_WORK REQUEST_
Print nothing but the lines below starting at the line that holds "Alex & Yvan - VIOLAÇO" and ending at the line that holds "Historia Completa Tilda", including both, each exactly as written.

_SOURCE DATA_
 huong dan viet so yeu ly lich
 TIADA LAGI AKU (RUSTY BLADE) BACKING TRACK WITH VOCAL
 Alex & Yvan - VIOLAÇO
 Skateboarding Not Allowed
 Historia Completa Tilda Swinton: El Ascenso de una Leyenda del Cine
--
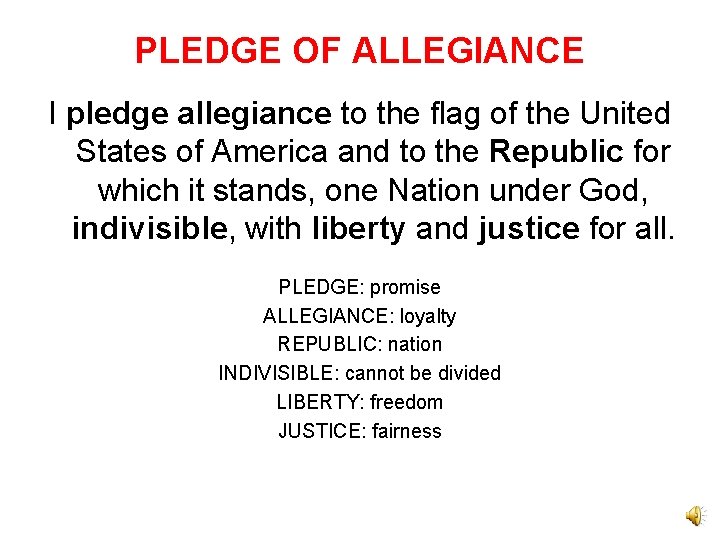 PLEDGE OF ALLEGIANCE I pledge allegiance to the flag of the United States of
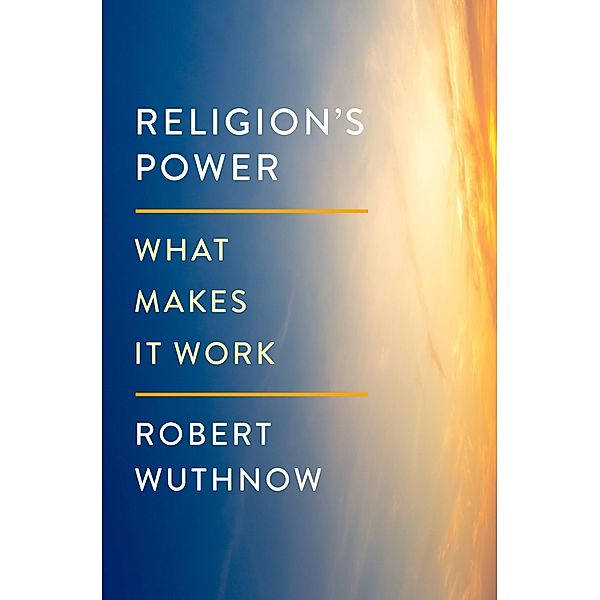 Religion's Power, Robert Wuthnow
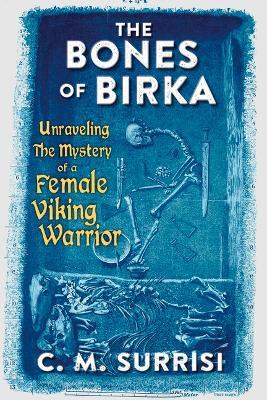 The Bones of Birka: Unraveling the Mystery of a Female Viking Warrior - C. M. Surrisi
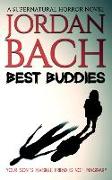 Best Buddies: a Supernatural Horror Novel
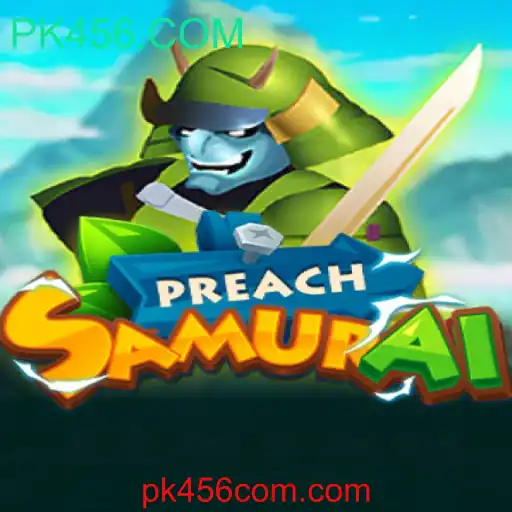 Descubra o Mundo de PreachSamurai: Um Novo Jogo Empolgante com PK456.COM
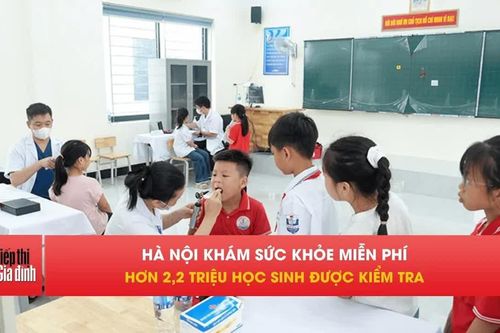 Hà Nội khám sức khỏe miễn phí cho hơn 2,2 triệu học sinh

_SOLUTION TO THIS EXERCISE_
 Alex & Yvan - VIOLAÇO
 Skateboarding Not Allowed
 Historia Completa Tilda Swinton: El Ascenso de una Leyenda del Cine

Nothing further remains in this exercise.